Reichspropagandaminister Joseph Goebbels, selbst ein "aficionado" der Leinwand, hatte den Ton vorgegeben: "Wir sind der Überzeugung, dass der Film eines der modernsten und weitreichendsten Mittel zur Beeinflussung der Masse ist." Die Produktionsfirmen wurden zusammengeschlossen zu dem Mega-Unterhaltungskonzern Ufa, der sowohl Unterhaltungsfilme der gehobenen Art, aber mit unterschwelliger völkisch-rassistischer Aussage, als auch unverhohlen gehässige Propagandastreifen wie Der Ewige Jude herstellte.
Weil der einheimischen Bevölkerung Luxemburgs nach der neuen Ordnung der Dinge ohnehin "germanisch-arische Rassenzugehörigkeit" attestiert wurde, die Luxemburger aber augenscheinlich von dem französischen "Bazillus" infiziert waren, begann der "Kampf um die Köpfe" bereits am Vorabend des Zweiten Weltkriegs.

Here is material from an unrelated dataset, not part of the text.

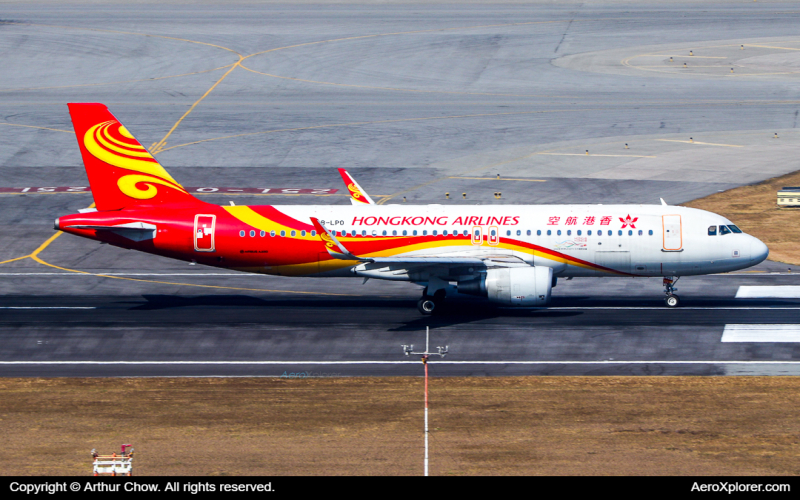Photo of B-LPO - Hong Kong Airlines Airbus A320 at HKG on AeroXplorer Aviation Database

Die deutsche Filmindustrie renommierte damals auf Spitzenniveau, und Produktionen wie Der blaue Engel von Josef von Sternberg brauchten den Vergleich mit der amerikanischen oder französischen Konkurrenz nicht zu scheuen. Das änderte sich schnell.
Im September 1937 äußerte ein Kritiker der liberalen Obermoselzeitung seinen Unwillen: "Desto schlimmer aber ist die ungeheuer schwere Krise, welche zur Zeit Deutschland durchmacht. Denn mit den Filmen des Dritten Reiches, die wir hier zu sehen bekamen, können wir uns nie und nimmer anfreunden." Einer der ersten und - so Paul Lesch - auch einer der kompetentesten Kritiker der schleichenden Ideologisierung deutscher Unterhaltungsfilme ist der junge Journalist und Hobbyregisseur Evy Friedrich. Im Escher Tageblatt denunziert er den "Hetzcharakter des heutigen reichsdeutschen Films". Über Johannes Guters Komödie Fräulein Liselott schreibt er unbeirrt: "(...) ein Film, der angibt, nur der Unterhaltung dienen zu wollen. Und was findet man darin: das Lob der nationalsozialistischen Phrasen. Das ist sehr geschickt gemacht. Man findet kaum einen Moment, in dem man mit pfeifen einsetzen könnte."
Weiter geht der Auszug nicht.